Back in 2008 and 2009 lots of smart people assumed that money printing of that magnitude would surely cause serious inflation, if not hyperinflation. And yet, with all that new money, inflation, at least as represented by the Consumer Price Index (CPI) has remained below the Fed’s target of 2%. Why? Why hasn’t the Fed’s extraordinarily loose monetary policy led to significant inflation?
In no particular order, here are seven possible explanations. Which ones are true? All of them.
1. Banks have not lent the money
Of all the reasons for why the Fed’s extraordinary monetary policy hasn’t led to inflation, this one is both the most obvious and the least controversial.
The mechanism of monetary policy is for the Federal Reserve to buy securities (e.g. government debt) from banks with newly created money. This newly created money is then available for banks to lend to businesses and consumers. Since banks historically earned no interest income on this idle money (“excess reserves”), banks should have incentive to lend the money in order to earn interest income.

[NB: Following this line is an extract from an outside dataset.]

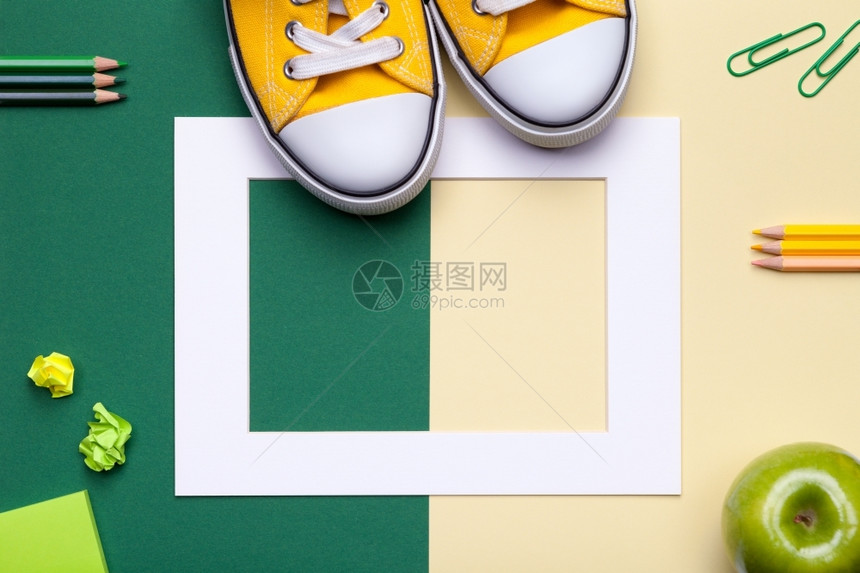 鞋绿色和黄背景学校附件的绿色和黄背景最小风格平板面工作场所框架图片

The fable told in economics textbooks is that of the money multiplier and the reserve requirement. The story goes that once reserves are created on a bank’s balance sheet, the bank will then lend out all of it except the portion it is legally required to hold. For example, if $100 of new money is created by the Fed and deposited in a bank, and if the reserve requirement is 10%, then the bank will lend out $90. But that’s not the end of the story.
That $90 can then be used to buy machinery or hire workers or build a house, and that $90 will ultimately be deposited back at another bank (or the same bank, it doesn’t matter) by the receiver of the money (the machinery vendor, the worker or the homebuilder). Now the banking system can lend out another 90% of that $90, or $81. This process continues indefinitely ($100+$90+$81+$73+$66, etc.) and ultimately, $1000 of money is created, equal to the original amount divided by the reserve requirement (in our example, $100/.01). In other words, the money multiplier is 10, since 10x the Fed’s original deposit is created.
If this was the way the world really worked, then the $3.6 trillion created by the Fed would have really led to something like $36 trillion of new money (the reserve requirement in the U.S. is 10% on most balances). This would equate not to 20% of annual GDP but 200% of GDP. With that amount of newly created money, it is a near certainty that inflation would have followed.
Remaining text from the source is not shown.